Comparison of nitric oxide scavengers and synthesis inhibition on β-phenylethylamine- and phenylephrine-induced vasoconstriction of guinea-pig aorta

K. J. Broadley, H. D. Broadley. Pharmacy & Pharmaceutical Sciences, Cardiff University, Cardiff, UNITED KINGDOM.

Introduction: Although β-phenylethylamine (PEA) is conventionally regarded as an indirectly acting sympathomimetic amine releasing noradrenaline onto α-adrenoceptors (1), vasoconstriction by PEA may also be via trace amine-associated receptors (TAARs), since we showed no α1-adrenoceptor antagonism by prazosin (2). Here we examine whether TAAR-mediated vasoconstriction of guinea-pig aorta to PEA is accompanied by release of nitric oxide (NO) using the NO synthase inhibitor, L-NAME or NO scavengers, curcumin and astaxanthin.

Method: Aortic rings (0.5 cm) from male Dunkin-Hartley guinea-pigs were immersed in Kreb’s solution gassed with 5% CO2 in O2 at 37±0.5oC. 1.5 g resting tension was applied and isometric contraction measured using a computerized Power Lab, Chart 5 data acquisition system (ADInstruments).
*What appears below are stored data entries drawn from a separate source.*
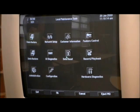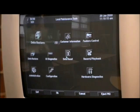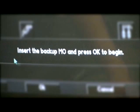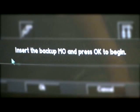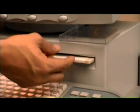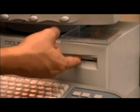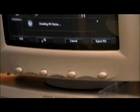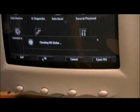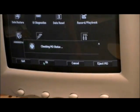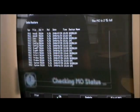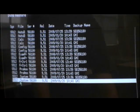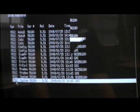Click the data restore icon. You will be prompted to insert the MO disk again. Insert the disk. Click OK. Your system will check the MO status and take you to a screen with the disk's contents on display. Select system data. Click OK.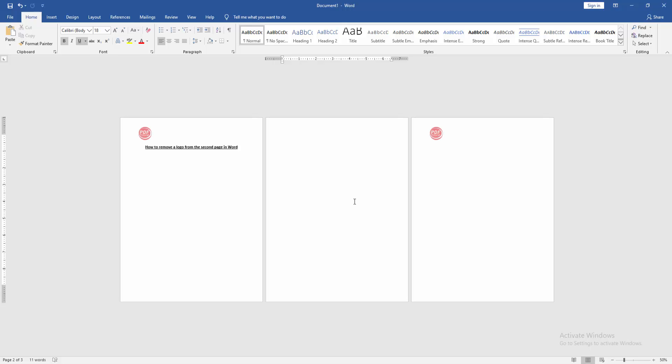Now we can see here we removed the logo from the second page very easily. I hope you enjoyed the video. Please like, comment, share, and subscribe to my channel. Thanks for watching.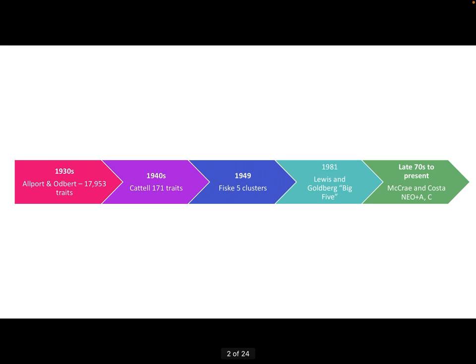Another psychologist, Raymond Cattell, used a statistical method called factor analysis to narrow down the number of traits from that 17,953. What factor analysis does is combine concepts or words that are quite similar and have a strong relationship with each other — that's a simplified explanation. From seventeen thousand, Cattell was able to narrow it down to 171 traits.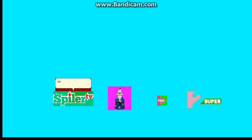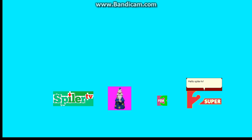Oh. Hello, SuperTV2. Hello, SpylerTV. Well, it's good to see you.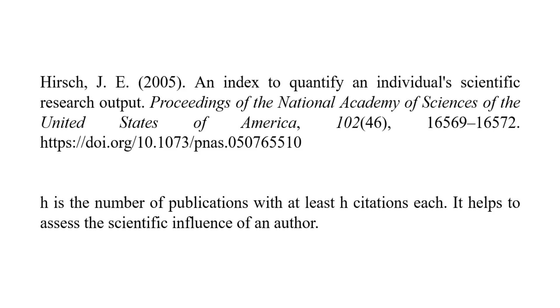Hello everyone, today I am going to show you how to calculate H index in Excel, where H is the number of publications with at least H citations each, and it helps to assess the scientific influence of an author.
Cumulative concentration-response curves (CRC) for β-phenylethylamine hydrochloride (PEA) or (-)-phenylephrine HCl were obtained and after washout (x2), a second curve obtained in the presence of L-NAME (100µM), curcumin (100μM), astaxanthin (100μM), their vehicles, or nothing (controls). Contractions were measured by subtracting baseline tension from plateau responses and expressed as a percentage of the contraction to KCl (60mM) added at the end. Responses were compared by Student’s paired t-test, P≤0.05 indicating significance.
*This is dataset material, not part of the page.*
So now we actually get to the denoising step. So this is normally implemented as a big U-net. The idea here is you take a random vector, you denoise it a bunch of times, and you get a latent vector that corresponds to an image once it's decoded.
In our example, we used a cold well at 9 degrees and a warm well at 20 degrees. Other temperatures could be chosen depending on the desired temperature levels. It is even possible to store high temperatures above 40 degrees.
Results: PEA and phenylephrine constricted aortae and in controls, the phenylephrine maximum increased from 70.7±4.1% to 78.9±4.9% (n=6) while L-NAME significantly potentiated from 78.2±3.2% to 93.1±1.2% (n=6). There was no change in the maximum PEA response in controls (65.7±6.0 and 74.8±1.4%, n=7) but L-NAME significantly potentiated the maximum from 45.1±2.8 to 101.3±8.0% (n=4). In endothelium-denuded aortae, the second CRC of PEA controls also showed a small enhanced maximum contraction from 68.4±2.9 to 80.0±2.9% (n=6). L-NAME caused significantly greater potentation from 60.8±6.9 to 86.9±2.3% (n=6). Potentiation of phenylephrine and PEA by L-NAME may arise from a fall in baseline between CRCs. However, when L-NAME was examined in denuded aortae with baseline adjusted back to 1.5g before the second CRC, the maximum was still significantly potentiated from 49.4±6.0 to 83.6±3.9% (n=5). Curcumin did not affect phenylephrine (maxima, 83.1±5.9 and 85.0±1.2%) but significantly depressed the PEA maximum from 135.4±41.5 to 70.0±1.9% (n=5), while astaxanthin potentiated PEA.
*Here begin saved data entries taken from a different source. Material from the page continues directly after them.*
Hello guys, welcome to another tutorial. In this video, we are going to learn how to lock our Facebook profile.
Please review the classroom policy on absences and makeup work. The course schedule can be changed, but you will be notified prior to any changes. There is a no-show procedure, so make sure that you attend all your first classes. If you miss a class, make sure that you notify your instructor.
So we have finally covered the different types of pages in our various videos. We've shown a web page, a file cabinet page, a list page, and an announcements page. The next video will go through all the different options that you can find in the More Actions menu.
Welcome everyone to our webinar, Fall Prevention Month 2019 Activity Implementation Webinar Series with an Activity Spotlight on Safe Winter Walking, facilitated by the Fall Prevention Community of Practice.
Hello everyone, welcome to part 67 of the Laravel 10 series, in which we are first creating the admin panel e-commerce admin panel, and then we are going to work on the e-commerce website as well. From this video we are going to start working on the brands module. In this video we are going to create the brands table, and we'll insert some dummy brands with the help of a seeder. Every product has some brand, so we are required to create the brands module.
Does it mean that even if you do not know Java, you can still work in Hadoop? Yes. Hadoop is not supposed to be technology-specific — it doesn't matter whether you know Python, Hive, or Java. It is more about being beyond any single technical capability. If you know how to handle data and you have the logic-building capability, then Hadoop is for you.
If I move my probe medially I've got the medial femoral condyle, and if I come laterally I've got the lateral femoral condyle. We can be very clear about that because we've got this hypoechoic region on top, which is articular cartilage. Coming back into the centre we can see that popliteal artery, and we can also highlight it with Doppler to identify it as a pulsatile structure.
Conclusion: PEA releases NO from non-endothelial sources causing underlying vasodilatation opposing the predominant TAAR-mediated vasoconstriction. NO inhibition is mimicked by the NO scavenger, astaxanthin but not by curcumin, which exerts opposing inhibitory actions on the TAAR response.

References:

1. Broadley KJ (2010). Pharmacol Ther 125: 363-375.
2. Broadley KJ et al (2013). Eur J Pharmacol 715: 370-380.